The company says that it heard for those sellers who wanted to work with manufacturers that it was sometimes challenging to find the right partners. This is what Etsy Manufacturing is aiming to address. The idea is to create a marketplace where sellers can connect with small-scale manufacturers who have been vetted in advance by the company, after meeting select criteria. For example, manufacturers must also be transparent, detail to what extent they allow subcontracting, and specify their size. They must also agree to “a series of commitments on transparency, safe and just workplaces, and customer service,” explains Etsy.

For Etsy, this expansion also has the potential to increase the marketplace’s revenue.

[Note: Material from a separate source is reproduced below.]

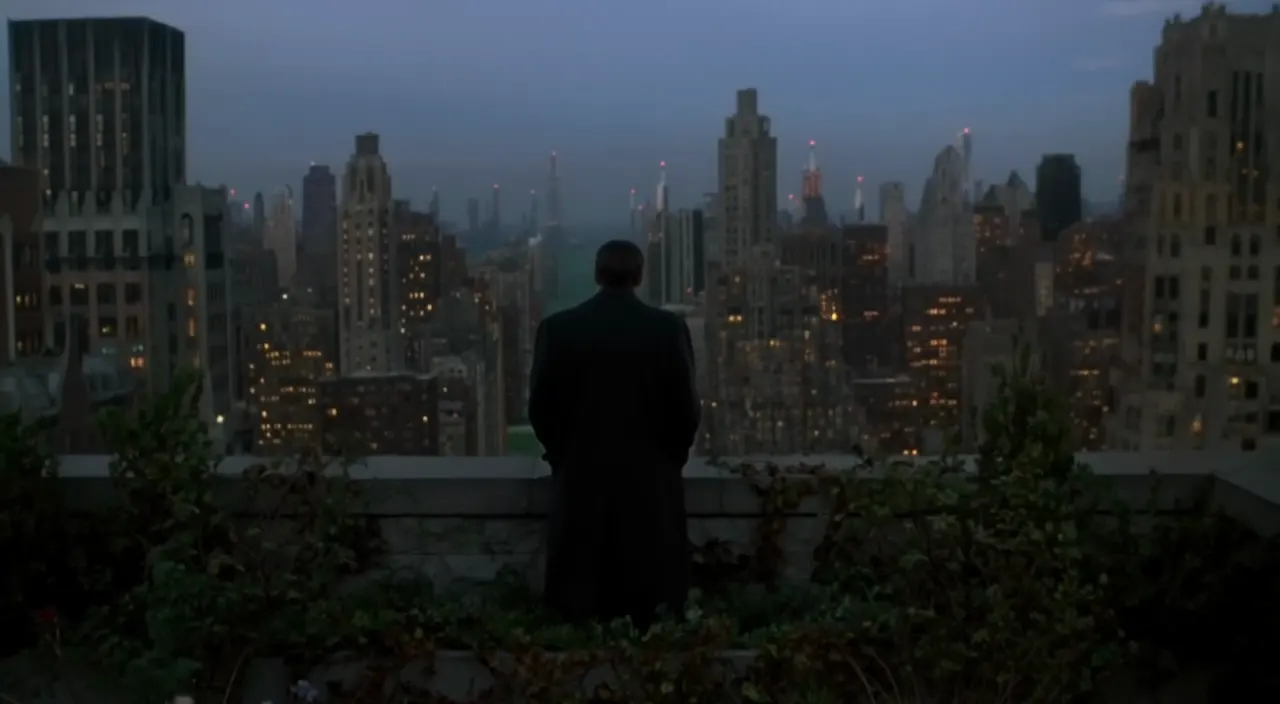 FLUX 3 image: a man on a rooftop terrace overlooking a city skyline at dusk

Currently, Etsy charges $0.20 to list an item, and a 3.5 percent transaction fee when the item sales. Obviously, allowing sellers to make more items to sell means Etsy will make more, too. And using the new marketplace won’t always be a free service, either, which will help the company financially.

Etsy has been struggling since its IPO this April, only beating expectations by a slim margin in Q2, citing issues with currency exchange rates as partly to blame. In addition, the company said that its revenue grow was going to slow while marketing spend would increase in the third quarter, causes shares to tumble following its Q2 earnings. The company’s stock now trades at around $14 per share, down from $30 at its IPO.

The new Manufacturing marketplace will launch into beta in late 2015, and will allow designers and manufacturers to transact in 2016. There will be no cost to find a manufacturer during the beta trials, but transactions via the site will have associated fees that will be announced at a later date.